* THE TASK: What you return must match the records word for word, except that images are dropped.

**********

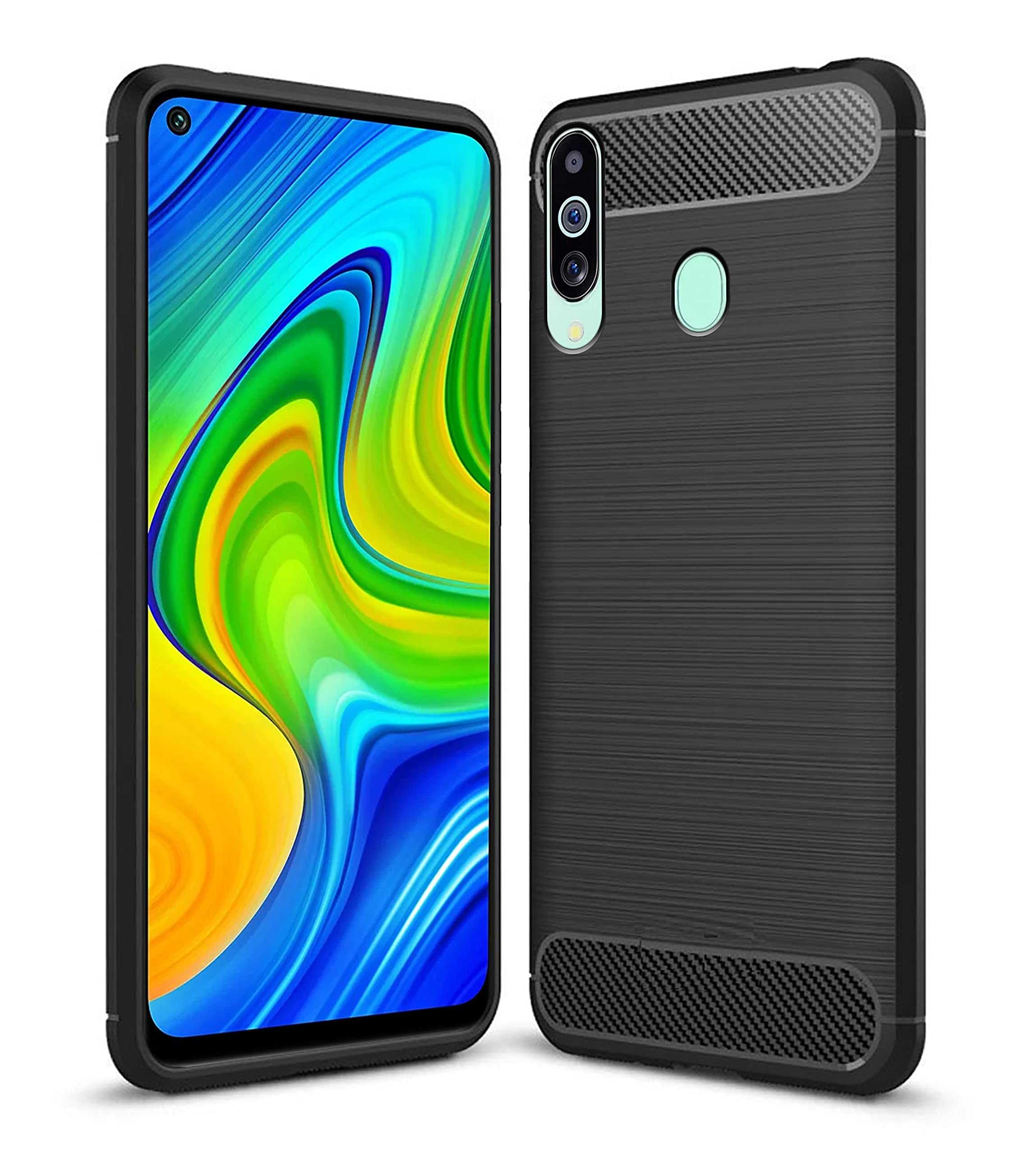 Zapcase Back Cover Case for Samsung Galaxy M40 | Compatible for Samsung Galaxy M40 Back Cover Case | 360 Degree Protection | Soft and Flexible (TPU | Matte Black) (B07SB4ZF1G) Amazon Price History, Amazon Price Tracker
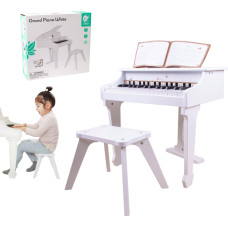 Classic World Large Piano A piano for children with a chair and a learning book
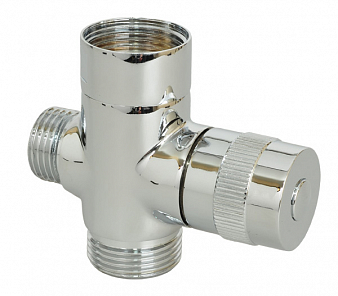 Дайвотер картридж. для смес. 3/4х1/2х3/4, ш-г-г, лат., хром, ARGO 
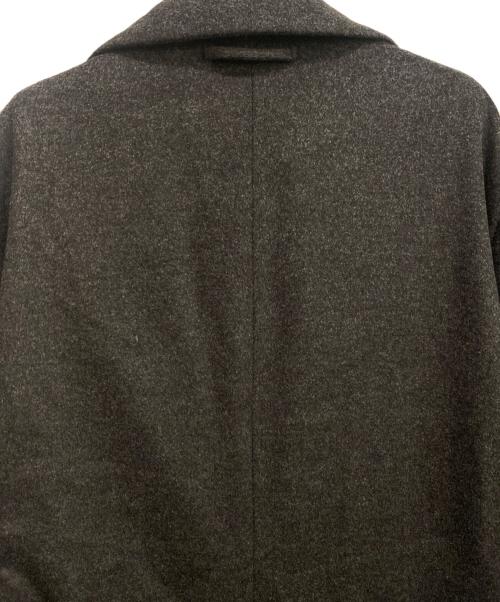 The shepherd UNDERCOVER（ザシェパード アンダーカバー）The shepherd UNDERCOVER (ザシェパード アンダーカバー) カシミヤウールコート グレー サイズ:4の古着・服飾アイテム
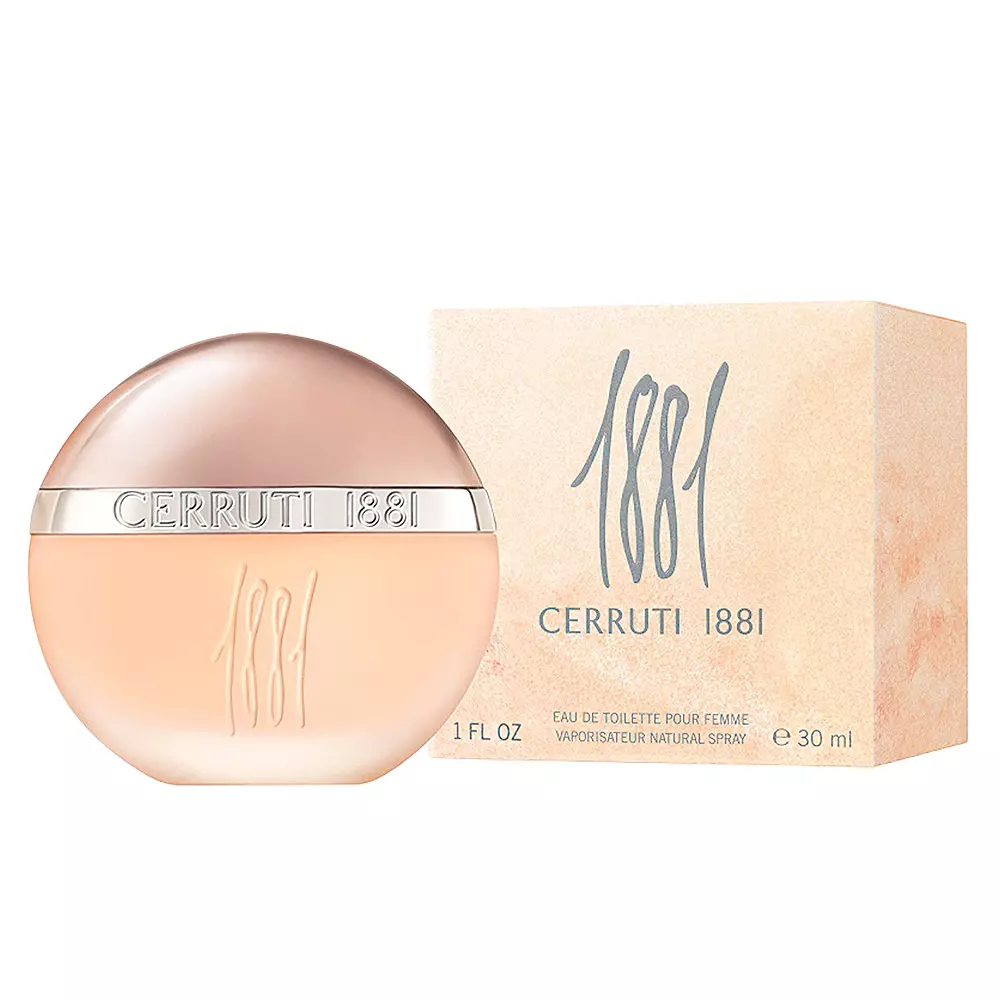 1881 POUR FEMME Eau de Toilette (Nữ) 6 Nước hoa 1881 Pour Femme Eau De Toilette Spray 30 ml chính hãng Cerruti 0688575134476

**********

* ANSWER BOX:
 Zapcase Back Cover Case for Samsung Galaxy M40 | Compatible for Samsung Galaxy M40 Back Cover Case | 360 Degree Protection | Soft and Flexible (TPU | Matte Black) (B07SB4ZF1G) Amazon Price History, Amazon Price Tracker
 Classic World Large Piano A piano for children with a chair and a learning book
 Дайвотер картридж. для смес. 3/4х1/2х3/4, ш-г-г, лат., хром, ARGO 
 The shepherd UNDERCOVER（ザシェパード アンダーカバー）The shepherd UNDERCOVER (ザシェパード アンダーカバー) カシミヤウールコート グレー サイズ:4の古着・服飾アイテム
 1881 POUR FEMME Eau de Toilette (Nữ) 6 Nước hoa 1881 Pour Femme Eau De Toilette Spray 30 ml chính hãng Cerruti 0688575134476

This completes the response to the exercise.